Grand 还计划让人类和人工智能模型合作，研究它们是否可以更好地协同工作。这些模型还可能受益于对游戏模拟, 的一些微调，并且具有更强的计算能力, LM 将具有更先进的推理功能来预测游戏将如何演变。 “A人工智能系统变得更加代理,最困难的问题原来是社交问题:跟踪共同点,解决误解,并随着时间的推移适应不同的合作伙伴,”说罗伯特·霍金斯,斯坦福大学语言学助理教授,他没有参与这篇论文’。 “这项工作在受控协作环境中优雅地捕捉了这些现象,，并令人信服地证明人工智能代理的真正瓶颈’不仅仅是最佳问题的计算,，而是充分利用答案所需的务实推理。”

Grand also plans to have humans and AI models collaborate to study whether they work better together. The models might also benefit from a bit of fine-tuning on game simulations, and with more computing power, LMs would have more advanced inference capabilities to predict how a game will evolve.

“As AI systems become more agentic, the hardest problems turn out to be social ones: tracking common ground, resolving misunderstandings, and adapting to different partners over time,” says Robert Hawkins, assistant professor of linguistics at Stanford University, who wasn’t involved in the paper. “This work elegantly captures these phenomena in a controlled collaborative setting, and makes a compelling case that the real bottleneck for AI agents isn’t just the calculation of optimal questions, but the pragmatic reasoning needed to make the most of their answers.”

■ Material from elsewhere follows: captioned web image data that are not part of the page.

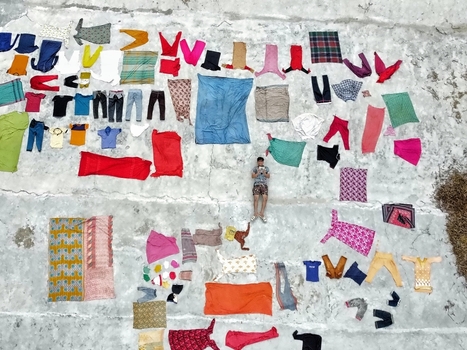 Dinajpur District Bangladesh 26 July 2026 Aerial view of a person lying on a concrete surface surrounded by various colorful clothes laid out to dry in the sun at Jharbari Bazar.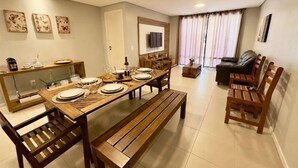 A dining area with a wooden table set for four, a sofa, and a TV mounted on the wall. - GranSol, Terreo, Pé na areia, 03 qtos, 08 hóspedes, a 600m do B PARK (Aquiraz)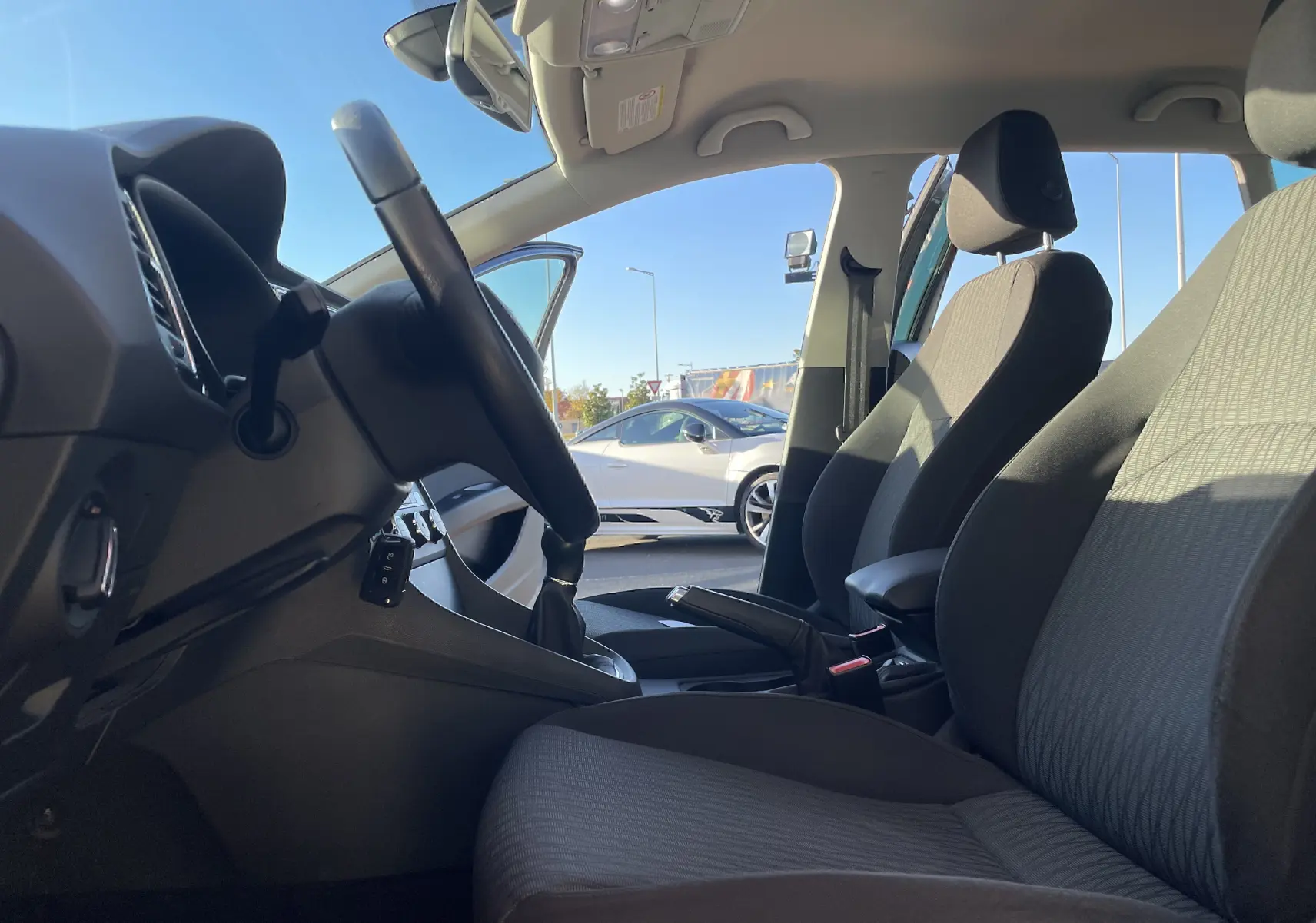 Intérieur côté conducteur d'une SEAT LEON ST gris 2013, sièges tissu gris-noir et volant avec boîte manuelle visible.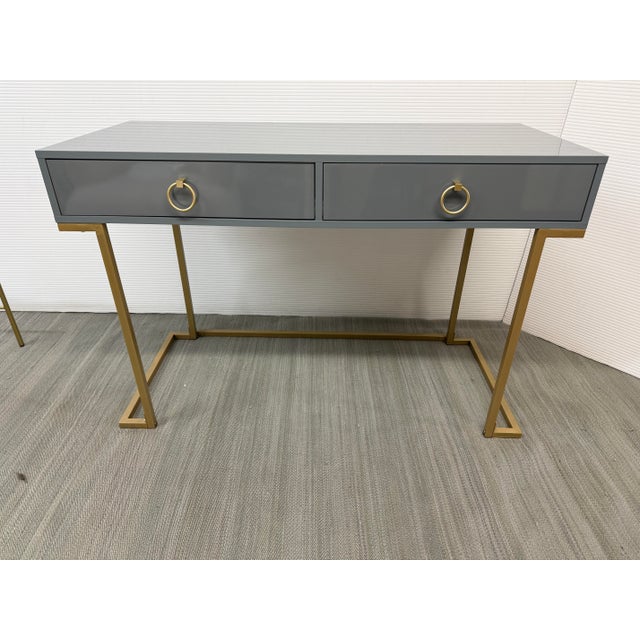 Design Plus Gallery presents a Vanity Desk by Bellezze. The desk has a modern aesthetic with a gray tone and gold accents....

Grand 和 Pepe 与两位 CSAIL 首席研究员: 麻省理工学院副教授 Jacob Andreas 和 MIT 教授 Joshua Tenenbaum 共同撰写了这篇论文。他们的工作在,部分得到,麻省理工学院西格尔家族智能探索,、麻省理工学院-IBM沃森人工智能实验室, FinTechAI@CSAIL计划,斯隆研究奖学金,英特尔,空军科学研究办公室,国防高级研究项目局,海军研究办公室,和国家科学基金会的支持。他们在 4 月份的学习表征国际会议 (ICLR) 上以口头报告的形式展示了他们的论文。

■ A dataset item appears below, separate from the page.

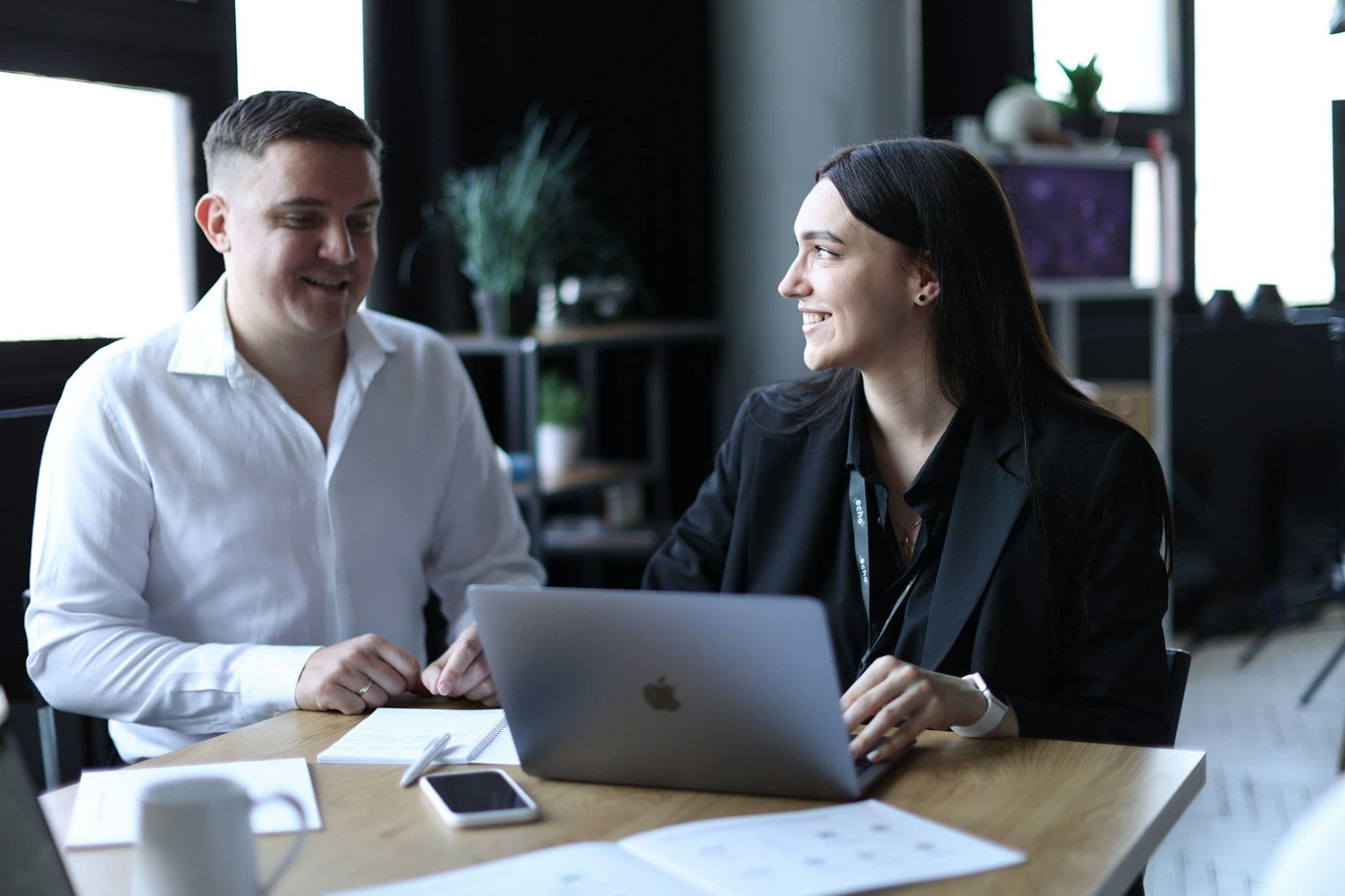 Two people reviewing information on a laptop at a table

Grand and Pepe wrote the paper with two CSAIL principal investigators: MIT Associate Professor Jacob Andreas and MIT Professor Joshua Tenenbaum. Their work was supported, in part, by the MIT Siegel Family Quest for Intelligence, the MIT-IBM Watson AI Lab, the FinTechAI@CSAIL initiative, a Sloan Research Fellowship, Intel, the Air Force Office of Scientific Research, the Defense Advanced Research Projects Agency, the Office of Naval Research, and the National Science Foundation. They showcased their paper as an oral presentation at the International Conference on Learning Representations (ICLR) in April.